Now that we understand how machine learning is done, we can determine which model is the best choice for our data. In this example we will use  different classifiers and evaluate each against 5 accuracy metrics.

Note: the cross_val_score() function handles test_train_split(X,y,test_size=33,random_state-42), fit(X_train,y_train), predict(X_test), and also any of the accuracy score metrics. This function is essentially and all-in-one function.

In [113]:
classifiers = [RandomForestClassifier(n_estimators=5), GaussianNB(), LogisticRegression(solver='liblinear'), DecisionTreeClassifier(criterion='gini'), KNeighborsClassifier(n_neighbors=6)]
clf_names = ['RandomForest','GausianNB','LogisticRegression','DecisionTreeClassRegressor', 'KNeighbors']
metric_names = ['roc_auc','f1','accuracy','precision','recall']
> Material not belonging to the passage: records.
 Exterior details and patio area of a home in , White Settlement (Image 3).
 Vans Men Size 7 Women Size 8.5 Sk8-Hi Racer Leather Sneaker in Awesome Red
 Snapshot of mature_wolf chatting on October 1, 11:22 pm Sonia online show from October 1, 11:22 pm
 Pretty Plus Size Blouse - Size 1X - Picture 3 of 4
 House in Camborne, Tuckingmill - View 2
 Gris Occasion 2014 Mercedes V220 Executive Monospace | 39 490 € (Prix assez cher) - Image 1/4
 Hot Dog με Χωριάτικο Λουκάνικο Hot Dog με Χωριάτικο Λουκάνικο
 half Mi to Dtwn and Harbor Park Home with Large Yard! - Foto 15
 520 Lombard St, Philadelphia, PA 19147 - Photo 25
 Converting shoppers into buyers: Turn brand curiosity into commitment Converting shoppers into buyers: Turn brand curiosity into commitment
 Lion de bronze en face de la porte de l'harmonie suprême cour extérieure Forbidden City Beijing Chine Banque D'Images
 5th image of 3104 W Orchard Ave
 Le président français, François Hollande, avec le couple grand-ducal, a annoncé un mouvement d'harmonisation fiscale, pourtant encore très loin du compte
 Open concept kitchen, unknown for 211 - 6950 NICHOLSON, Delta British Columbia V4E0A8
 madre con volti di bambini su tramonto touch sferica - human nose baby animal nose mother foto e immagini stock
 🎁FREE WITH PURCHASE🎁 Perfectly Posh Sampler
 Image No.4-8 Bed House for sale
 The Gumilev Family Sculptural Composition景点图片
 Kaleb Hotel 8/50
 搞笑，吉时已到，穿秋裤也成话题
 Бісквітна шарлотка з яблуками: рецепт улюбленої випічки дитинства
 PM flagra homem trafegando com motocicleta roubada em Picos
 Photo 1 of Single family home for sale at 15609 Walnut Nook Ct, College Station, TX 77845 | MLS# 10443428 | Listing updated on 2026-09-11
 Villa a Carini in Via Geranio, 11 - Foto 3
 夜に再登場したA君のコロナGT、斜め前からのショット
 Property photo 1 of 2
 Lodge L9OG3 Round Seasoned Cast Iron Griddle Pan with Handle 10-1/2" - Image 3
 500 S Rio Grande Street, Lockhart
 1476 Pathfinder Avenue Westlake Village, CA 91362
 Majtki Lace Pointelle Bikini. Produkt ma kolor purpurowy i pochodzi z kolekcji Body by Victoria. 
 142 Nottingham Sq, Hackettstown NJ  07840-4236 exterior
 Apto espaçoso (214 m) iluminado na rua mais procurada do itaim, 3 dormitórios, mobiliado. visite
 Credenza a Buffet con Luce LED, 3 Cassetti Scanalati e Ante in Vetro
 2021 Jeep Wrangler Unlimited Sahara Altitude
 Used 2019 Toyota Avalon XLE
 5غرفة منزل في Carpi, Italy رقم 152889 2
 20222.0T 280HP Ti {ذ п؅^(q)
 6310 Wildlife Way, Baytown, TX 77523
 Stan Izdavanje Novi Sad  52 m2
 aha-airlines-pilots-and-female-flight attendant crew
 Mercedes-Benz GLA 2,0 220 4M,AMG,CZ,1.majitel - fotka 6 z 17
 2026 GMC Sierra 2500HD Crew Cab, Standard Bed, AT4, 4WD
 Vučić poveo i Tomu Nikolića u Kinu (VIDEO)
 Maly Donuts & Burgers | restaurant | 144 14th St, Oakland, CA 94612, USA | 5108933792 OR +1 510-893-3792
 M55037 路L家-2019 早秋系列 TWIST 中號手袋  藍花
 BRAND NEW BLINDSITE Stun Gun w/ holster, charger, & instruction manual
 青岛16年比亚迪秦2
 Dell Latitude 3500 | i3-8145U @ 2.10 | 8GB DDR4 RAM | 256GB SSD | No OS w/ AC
scv = StratifiedKFold(n_splits=3)

scores_df = pd.DataFrame(index=metric_names,columns=clf_names)
clf_scores = []
for clf, name in zip(classifiers, clf_names):
    print('-----------------------------------------------------------------------------------------------------------')
    print('Classifier: ',clf)
    print('')
    print("Scoring Metrics: ")
    for metric in metric_names:
        score = cross_val_score(clf,X,y,scoring=metric, cv=scv).mean()
        clf_scores.append(score)
        print('\t*',metric,'score: ', score)
    scores_df[name] = clf_scores
    clf_scores = []

-----------------------------------------------------------------------------------------------------------
Classifier:  RandomForestClassifier(bootstrap=True, class_weight=None, criterion='gini',
                       max_depth=None, max_features='auto', max_leaf_nodes=None,
                       min_impurity_decrease=0.0, min_impurity_split=None,
                       min_samples_leaf=1, min_samples_split=2,
                       min_weight_fraction_leaf=0.0, n_estimators=5,
                       n_jobs=None, oob_score=False, random_state=None,
                       verbose=0, warm_start=False)

Scoring Metrics: 
	* roc_auc score:  0.9970754501239952
	* f1 score:  0.9908797234769704
	* accuracy score:  0.9905914272360826
	* precision score:  0.992444556801408
	* recall score:  0.9912538786686828
-----------------------------------------------------------------------------------------------------------
Classifier:  GaussianNB(priors=None, var_smoothing=1e-09)

Scoring Metrics: 


## Final Results

For boolean classification, the top performing machine learning algorithm is RandomForrestClassifier followed closely behind by the DecisionTreeClassifier. Both of these classifiers work by building out a tree via simple if then else rules - the deeper the tree, the more complex the model.